Directions for this task: When you copy the records, keep every word exact and leave the pictures out.

◇ ◇ ◇

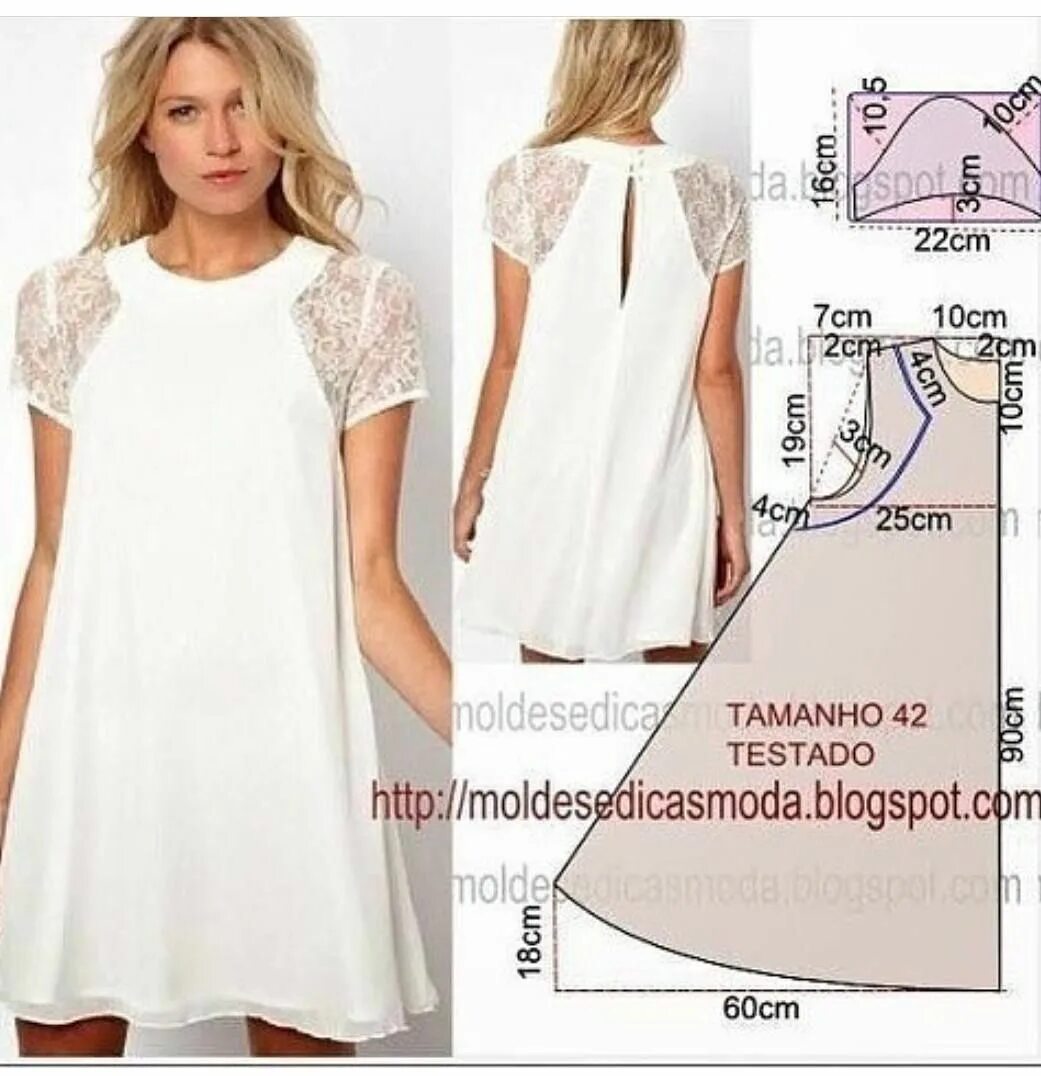 Нарядные платья своими руками выкройки Takipçi dostlarimin sorularından biri daha... 42 beden elbise kalıbı... Dress pa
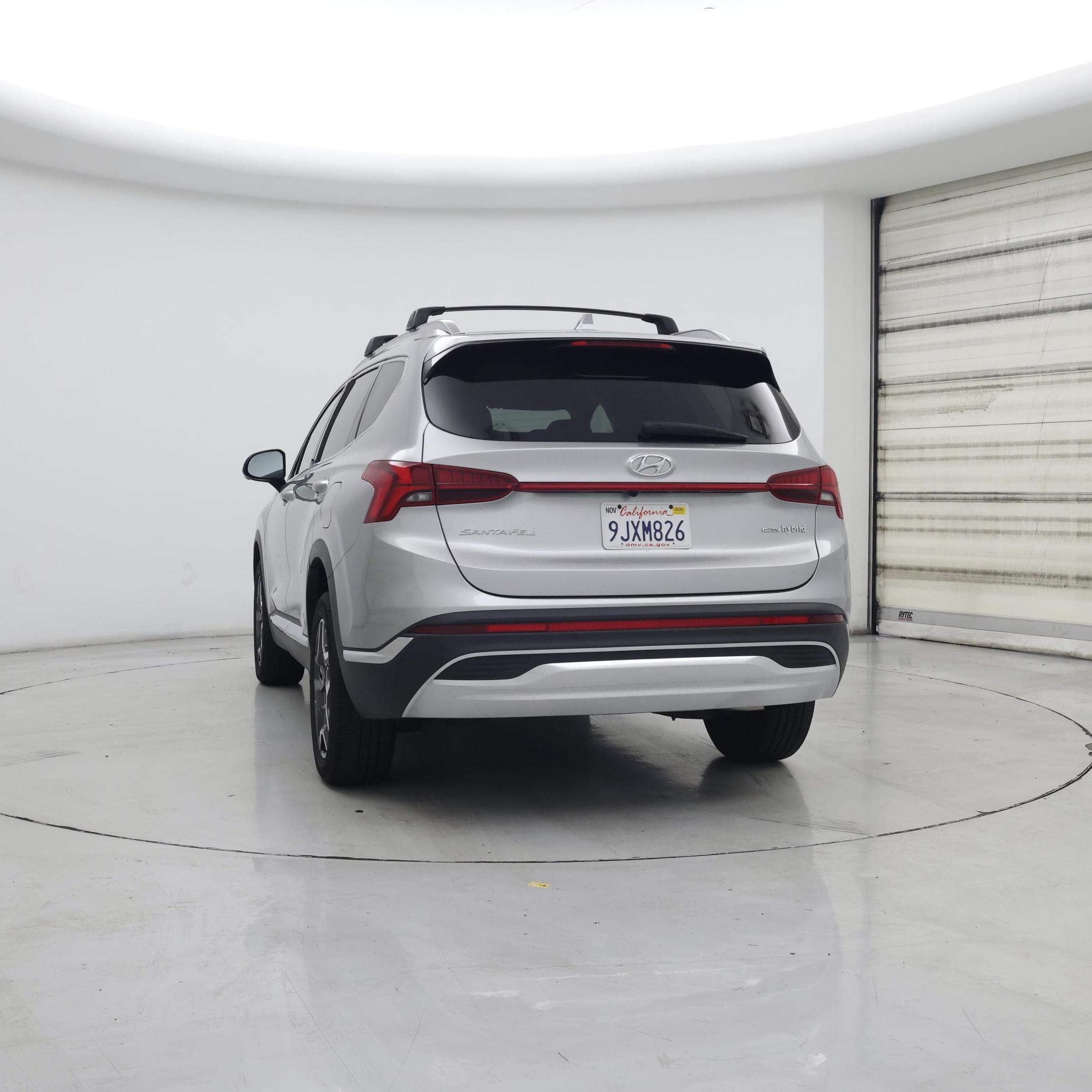 Thumbnail: 2023 Hyundai Santa Fe - 6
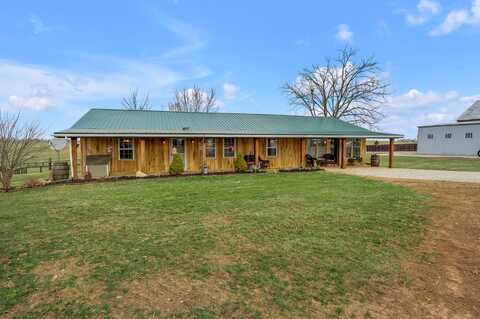 1235 Jackstown Road, Paris, KY 40361
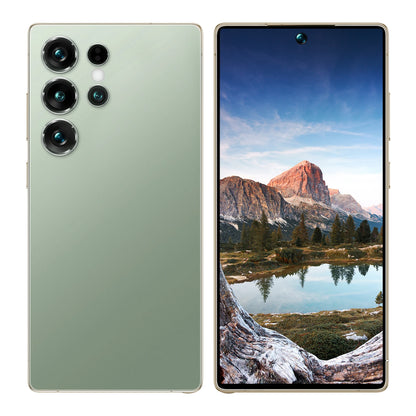 Tablet-Schutzhülle für neues S26 Ultra Original Intelligent 5G Dual-SIM Dual-Standby Android Globale Version 8000mAh Akku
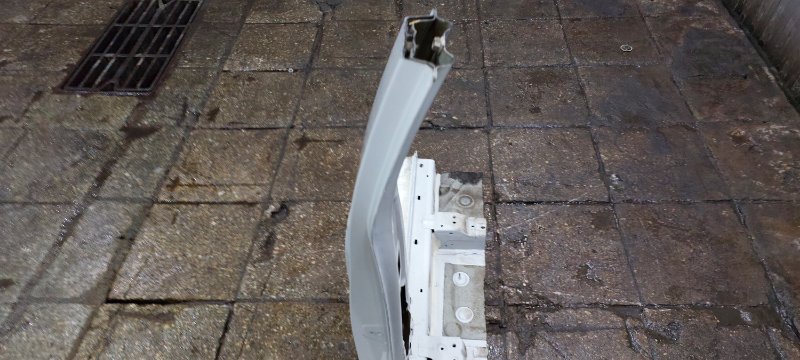 Порог со стойкой Geely Coolray SX11 JLH-3G15TD 2020 лев. (б/у) Порог со стойкой Geely Coolray SX11 JLH-3G15TD 2020 лев. (б/у)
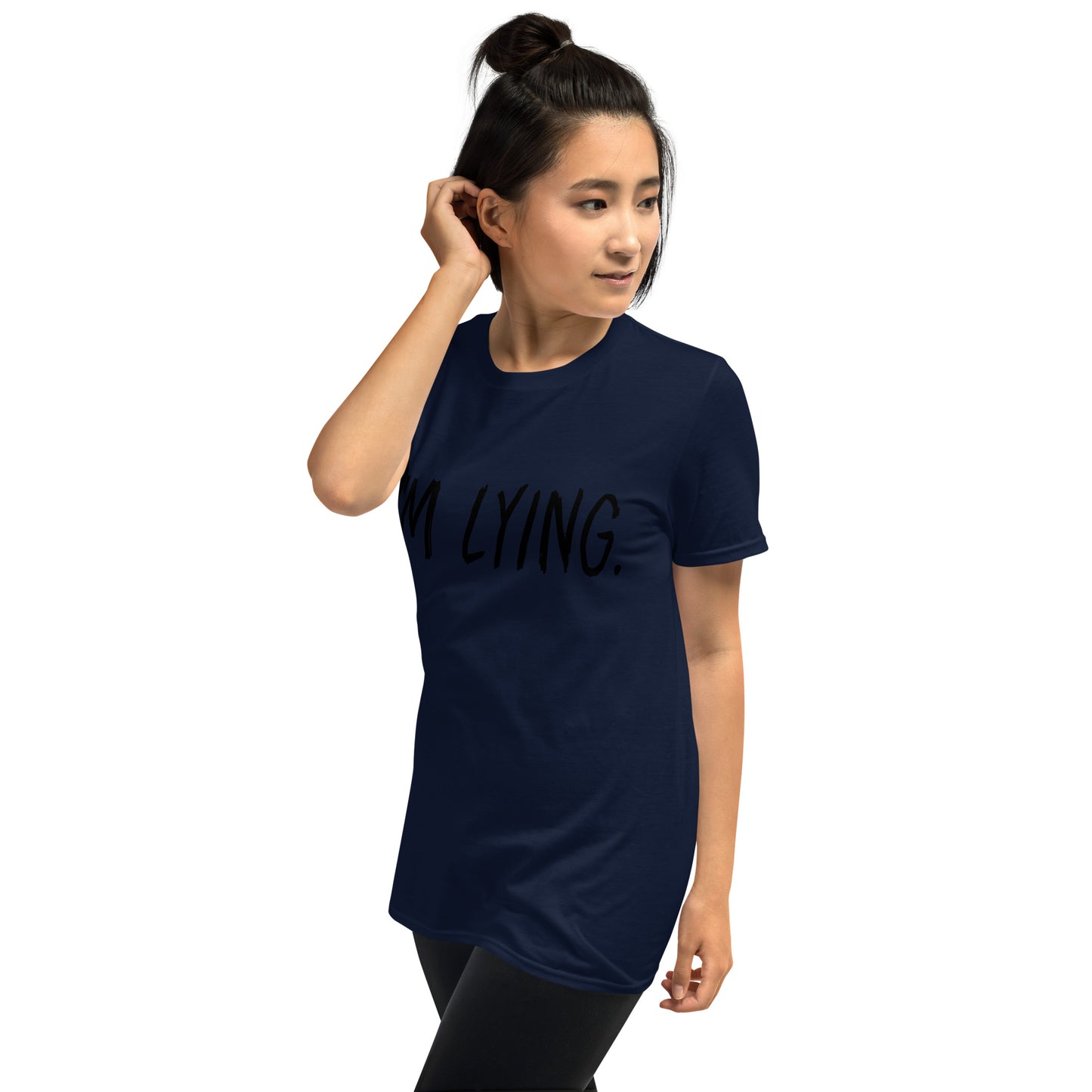 T-Shirt (Unisex) | I'm Lying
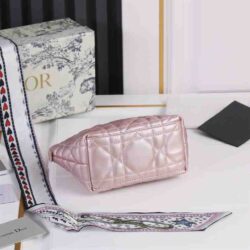 Dior Medium Travel Nomad Pouch replica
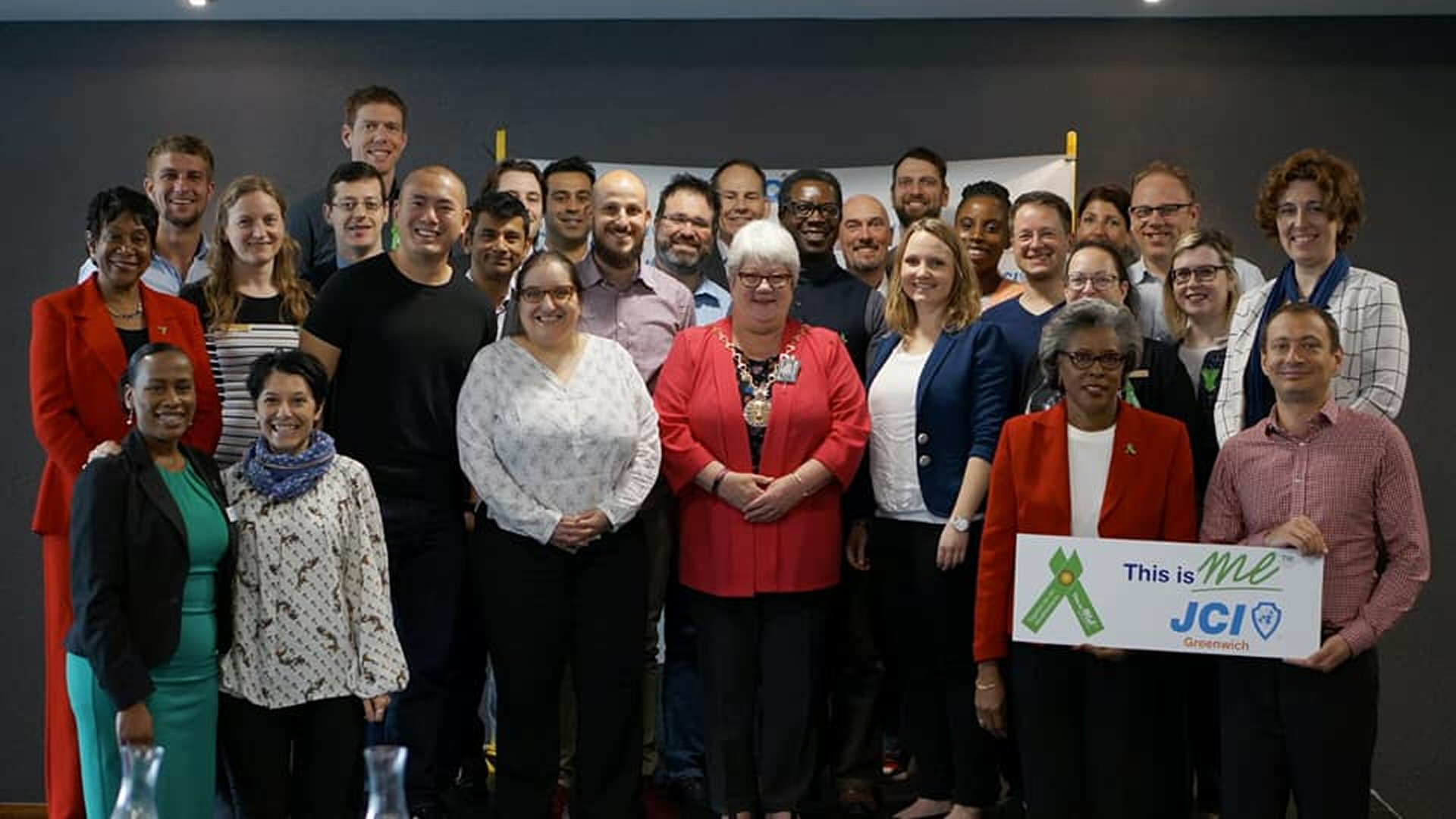 JCI Greenwich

◇ ◇ ◇

Answer to the problem:
 Нарядные платья своими руками выкройки Takipçi dostlarimin sorularından biri daha... 42 beden elbise kalıbı... Dress pa
 Thumbnail: 2023 Hyundai Santa Fe - 6
 1235 Jackstown Road, Paris, KY 40361
 Tablet-Schutzhülle für neues S26 Ultra Original Intelligent 5G Dual-SIM Dual-Standby Android Globale Version 8000mAh Akku
 Порог со стойкой Geely Coolray SX11 JLH-3G15TD 2020 лев. (б/у) Порог со стойкой Geely Coolray SX11 JLH-3G15TD 2020 лев. (б/у)
 T-Shirt (Unisex) | I'm Lying
 Dior Medium Travel Nomad Pouch replica
 JCI Greenwich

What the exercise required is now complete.